4. Comfort food should above all taste good. It should hit all the sweet spots, and tick all of the boxes.

If you had to say something about comfort food, it makes you happy to eat it. It takes your stress away. It transports you to a simpler, less complicated time. Recently, there was a NYT article about Filipino cruise ship workers who pull into Red Hook when their luxury liners dock in New York City. It’s really a great little story about how food can connect you, and make you feel closer to home.

And that is precisely what fried rice does for me. My mom would make fried rice for me after school, after long speech meets, after coming home too late, after long hours at summer jobs, after exhausting semesters at college, after months abroad. She would use leftover rice, and whatever else was in the fridge. It didn’t matter if it was some extra pork, or beef, shrimp, or chicken from the night before. Sometimes she had some broccoli, some carrots, some peas. Sometimes she just had some scallions, which — let’s be honest — she always has.

Left with some extra soy-poached chicken and steamed rice myself after dinner with Tomoko, I decided to do the same.

Fried rice has no recipe.
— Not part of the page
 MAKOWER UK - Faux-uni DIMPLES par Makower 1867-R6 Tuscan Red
What I do when I am just making it just for myself is I scramble two eggs in a skillet, breaking up the curds into smaller bits. When they are done, I remove them from the skillet and set them aside. I add about a tablespoon of vegetable oil to the same pan, and set it over medium-high heat. When the oil starts to shimmer, I add the rice, the chicken, and the eggs. I let the everything begin to brown and sizzle, stirring and tossing the ingredients together all the while. I add a few splashes of good soy sauce, continuing to move all the ingredients around with a spatula. Once most of the liquid has evaporated, I add a handful of chopped scallions. I toss everything together so that the scallions are evenly distributed throughout the rice. Then I eat, and think of home.

Chicken Salad with Tarragon

It’s hot out. It’s over 90°. The heat just saps my energy and makes me want to laze around the house until nightfall. I was eating celery sticks all afternoon, thinking that this was a healthy lunch. It probably wasn’t.
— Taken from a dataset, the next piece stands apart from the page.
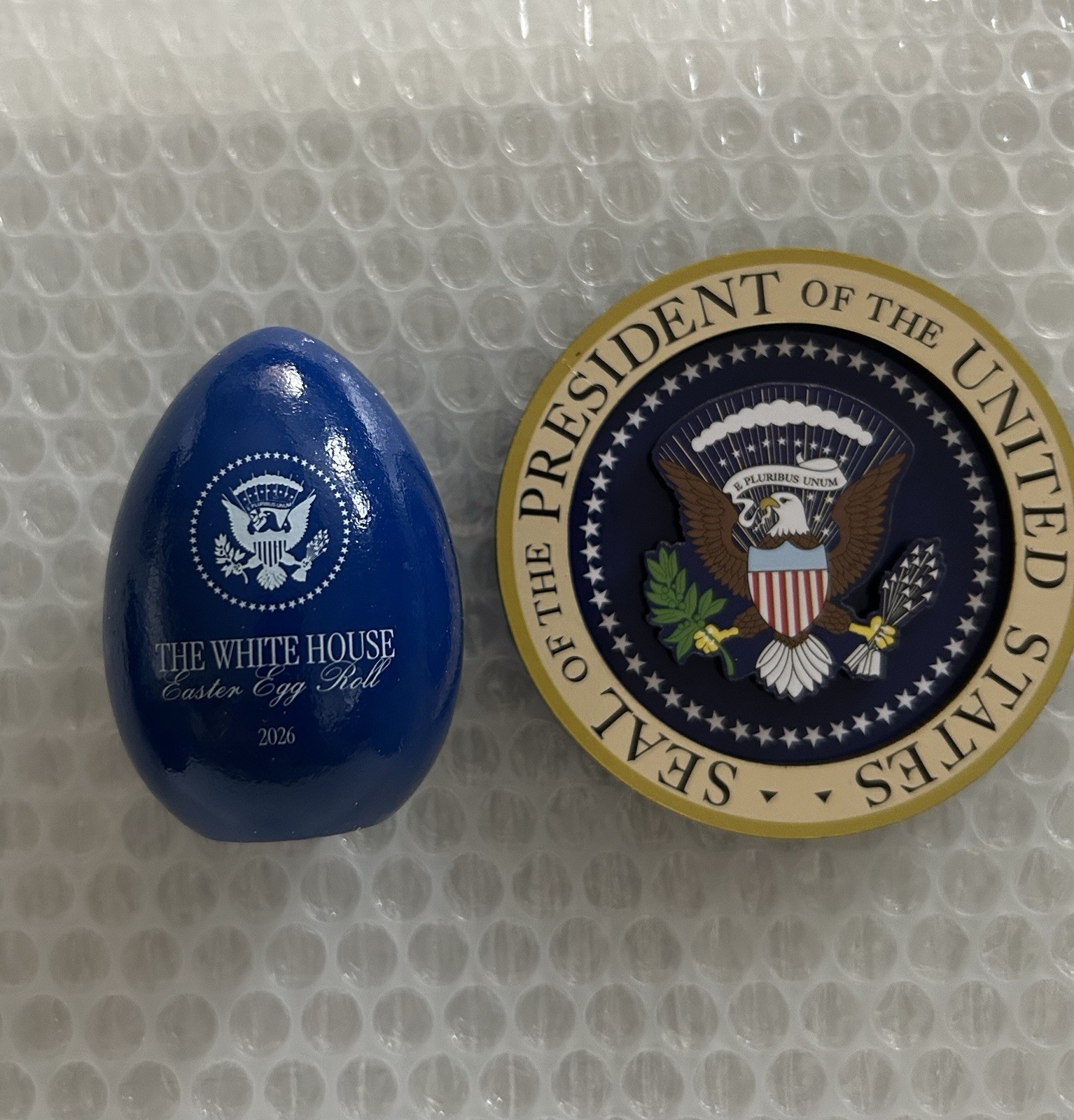 TRUMP WHITE HOUSE EASTER 2026 BLUE EGG + EAGLE SEAL MAGNET SIGNATURE DONALD New TRUMP WHITE HOUSE EASTER 2026 BLUE EGG + EAGLE SEAL MAGNET SIGNATURE DONALD New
Maybe for rabbits, but not for me!

So I decided to do something with the extra roasted chicken that I had in my fridge, and make chicken salad.

You could use store-bought mayonnaise, but I prefer to make my own. It’s really easy once you get the hang of it. I’ve whipped mayonnaise together with a fork, with a whisk, with a hand mixer, with a food processor, and with a blender.

I used a hand-held immersion blender this time. The most important thing is to make sure that your egg yolk is fresh, and it is at a cool-ish room temperature — not ice cold, and not too warm either. Be sure to add the oil very slowly in the beginning. Don’t worry if your sauce separates, or breaks. If this is the first time you are making it (or even if it’s the hundreth time) there are things you can do; you can easily save it multiple ways.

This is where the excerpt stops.